Data excerpts:
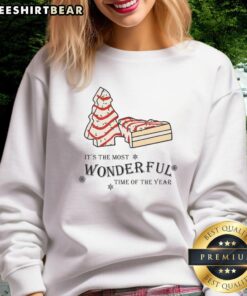 Alt Text: Cozy sweatshirt featuring a festive Christmas tree cake design, perfect for celebrating the most wonderful time of the year.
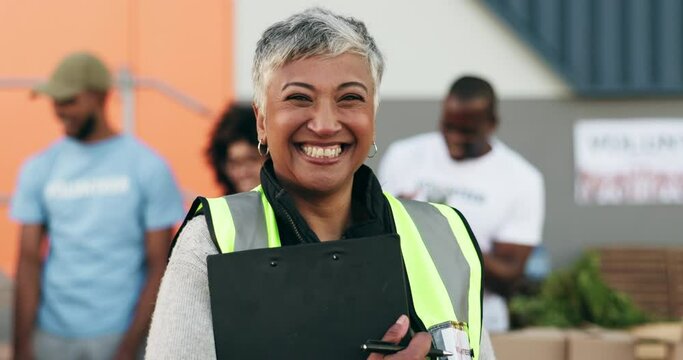 Happy senior woman, management and NGO in charity, volunteer or team in community service. Portrait of mature female person or organizer smile in happiness for leadership, donations or contribution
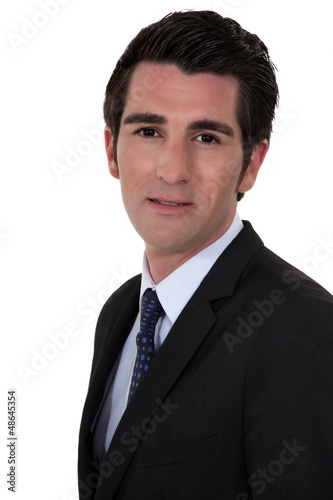 Photo: A portrait of a businessman. A portrait of a businessman.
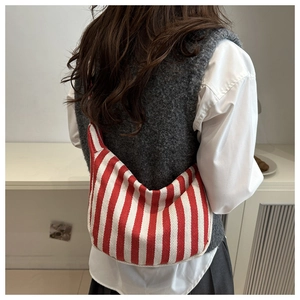 Detail view of red and white striped canvas tote bag showing thick cotton fabric and texture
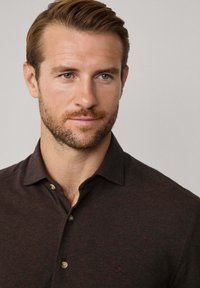 Hombre con barba clara y pelo peinado que lleva una camisa oscura de botones, mirando ligeramente hacia un lado contra un fondo claro y liso.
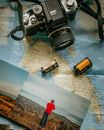 Camera, Batteries and Photographs Lying on Map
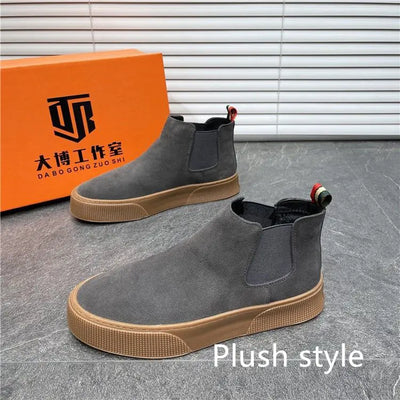 Gray Chelsea boots with brown soles in front of an orange box with branding on a gray floor.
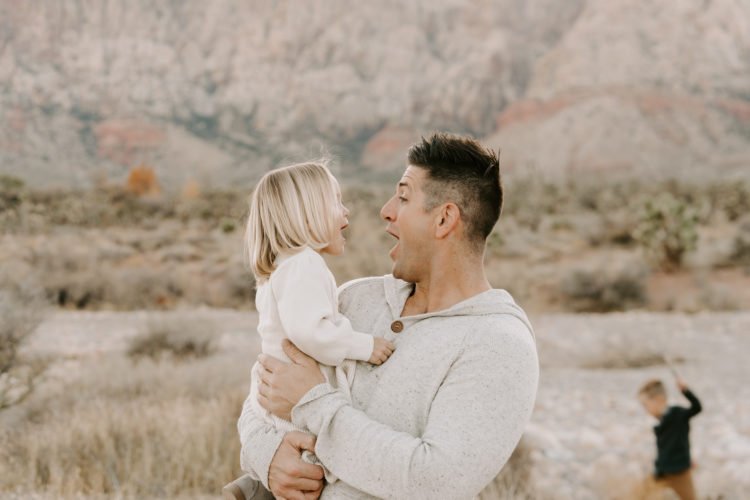 Family Picture Ideas by popular Las Vegas fashion blog, Outfits and Outings: image of a dad holding his young daughter in the desert. 
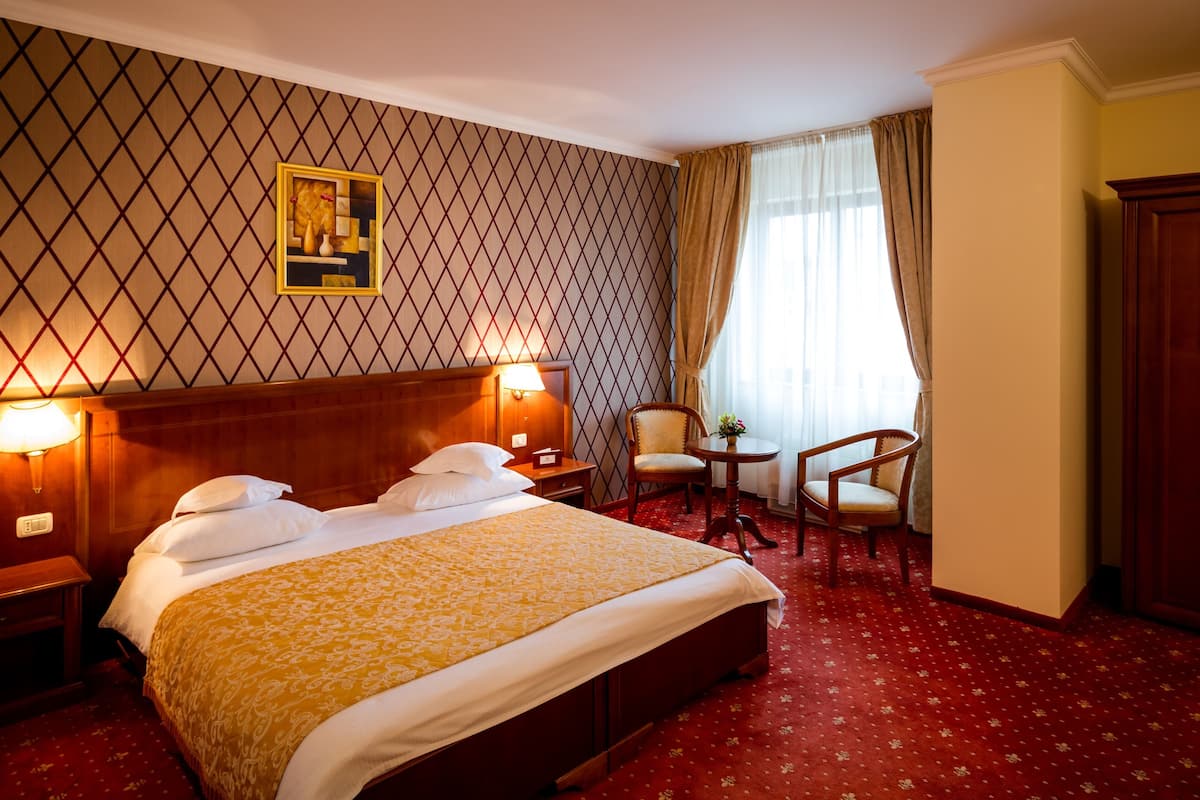A hotel room with a large bed, two bedside tables, a desk, a chair, and a window with curtains.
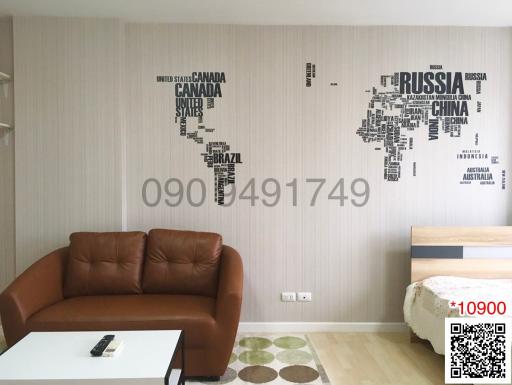 Stylish living room with world map wall decor and modern furniture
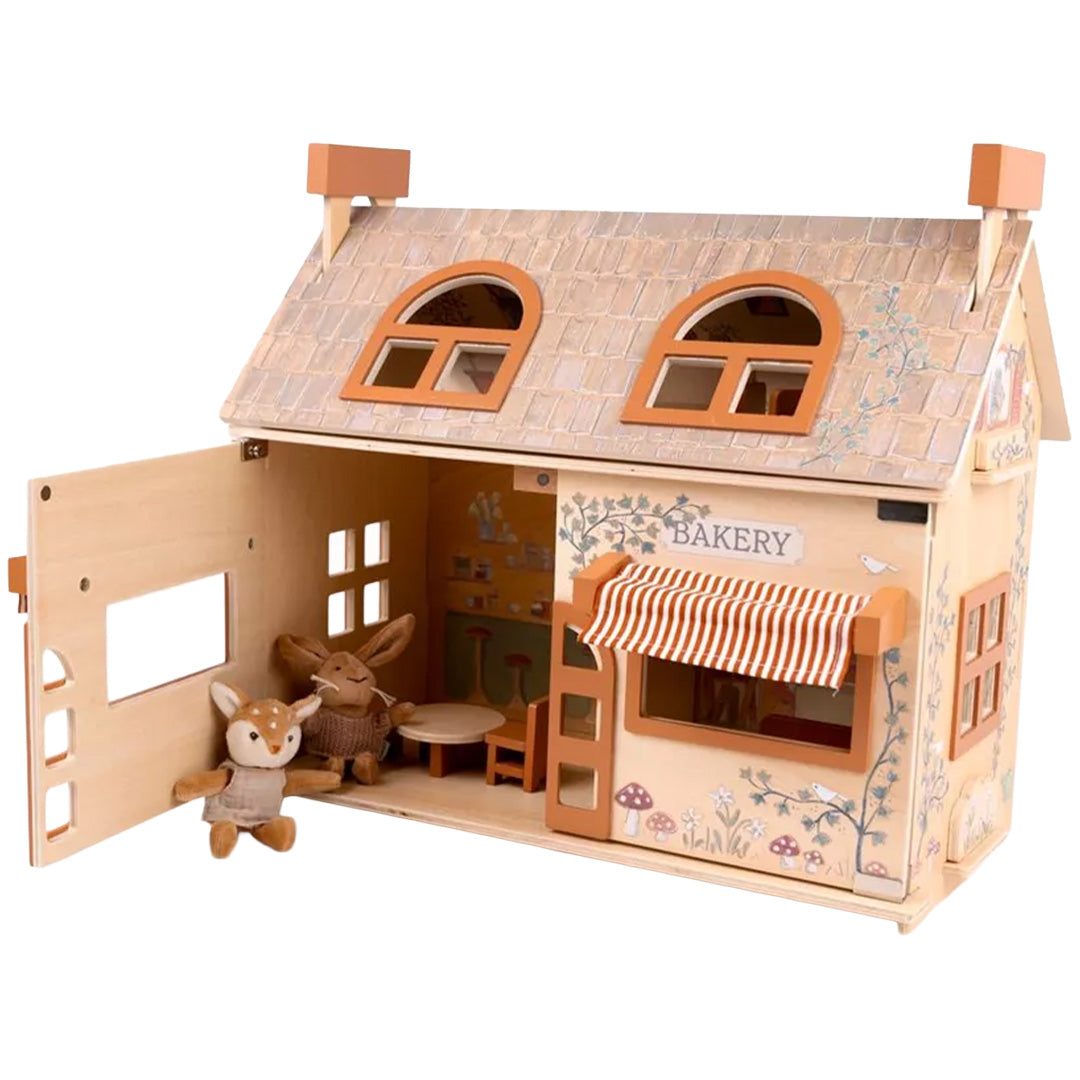 Egmont Toys houten poppenhuis geopend, met een interieur van een bakkerij en twee knuffeldieren.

Instructions to follow:
Output nothing except the lines from the one containing "Stylish living room" through the final line of the entries, repeated exactly and free of pictures.

Reply to the exercise:
 Stylish living room with world map wall decor and modern furniture
 Egmont Toys houten poppenhuis geopend, met een interieur van een bakkerij en twee knuffeldieren.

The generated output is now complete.